*WHAT THE TASK REQUIRES*
Images excepted, the data below must be repeated exactly.

*SOURCE DATA*
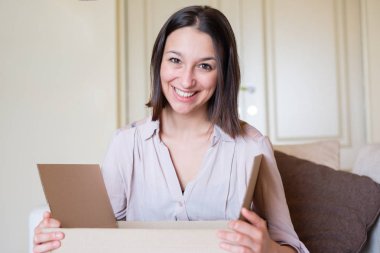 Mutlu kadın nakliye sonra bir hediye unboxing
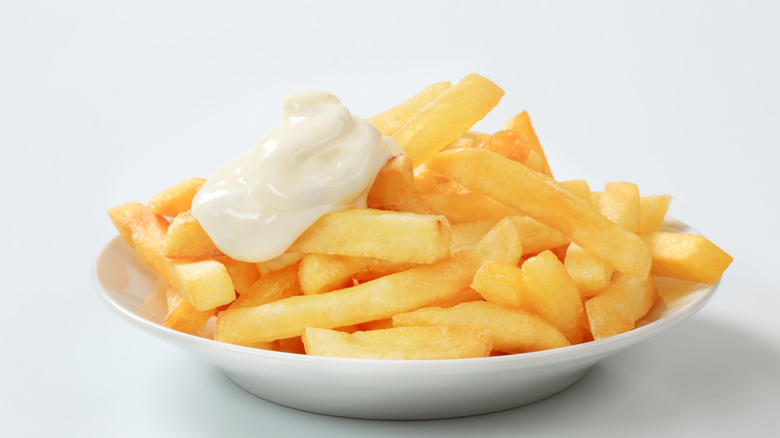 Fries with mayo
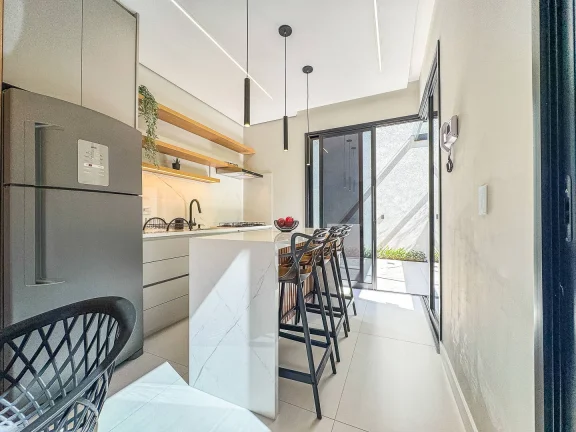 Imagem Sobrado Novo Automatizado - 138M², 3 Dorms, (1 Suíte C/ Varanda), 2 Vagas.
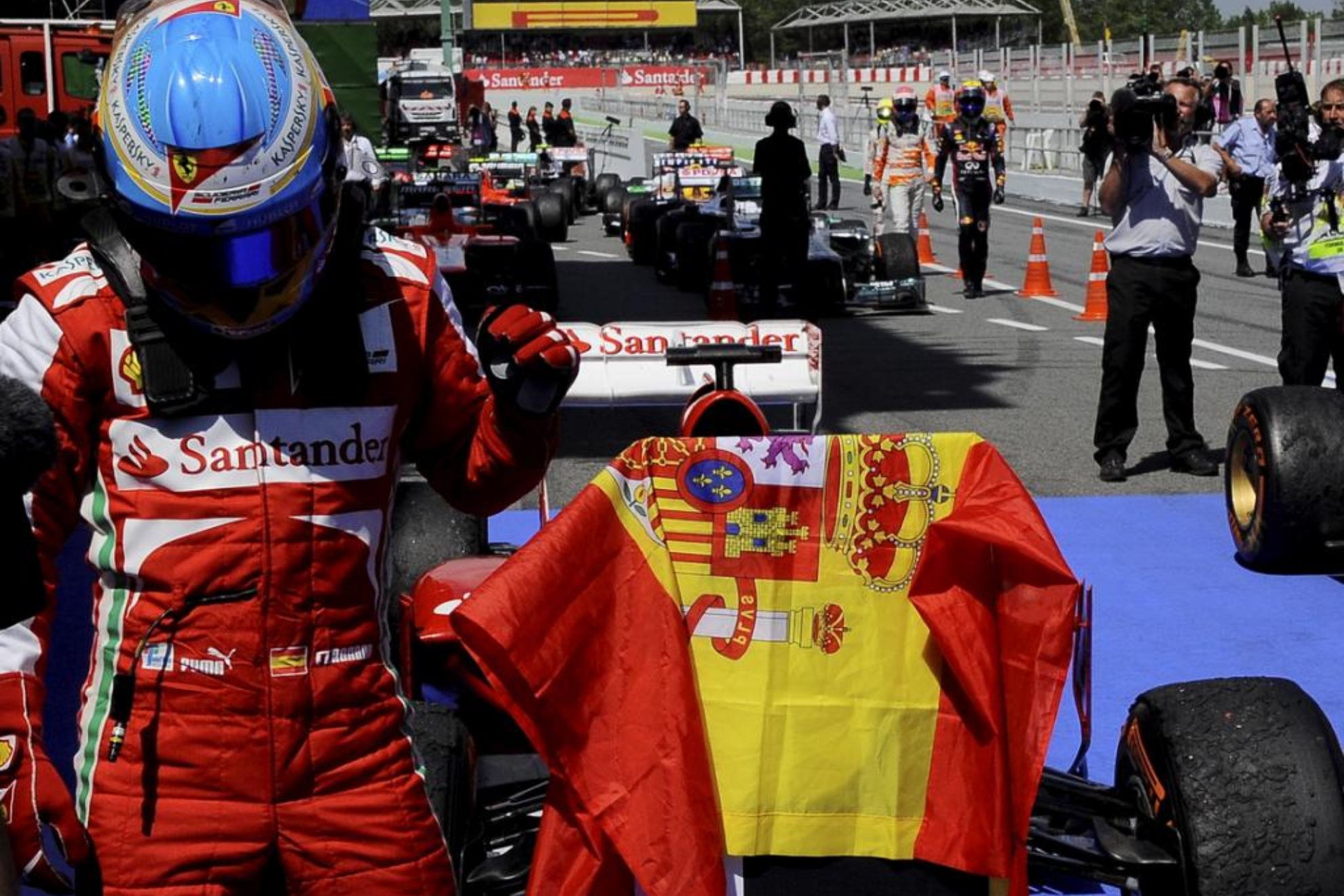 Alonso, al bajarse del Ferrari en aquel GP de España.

*RESPONSE BOX*
 Mutlu kadın nakliye sonra bir hediye unboxing
 Fries with mayo
 Imagem Sobrado Novo Automatizado - 138M², 3 Dorms, (1 Suíte C/ Varanda), 2 Vagas.
 Alonso, al bajarse del Ferrari en aquel GP de España.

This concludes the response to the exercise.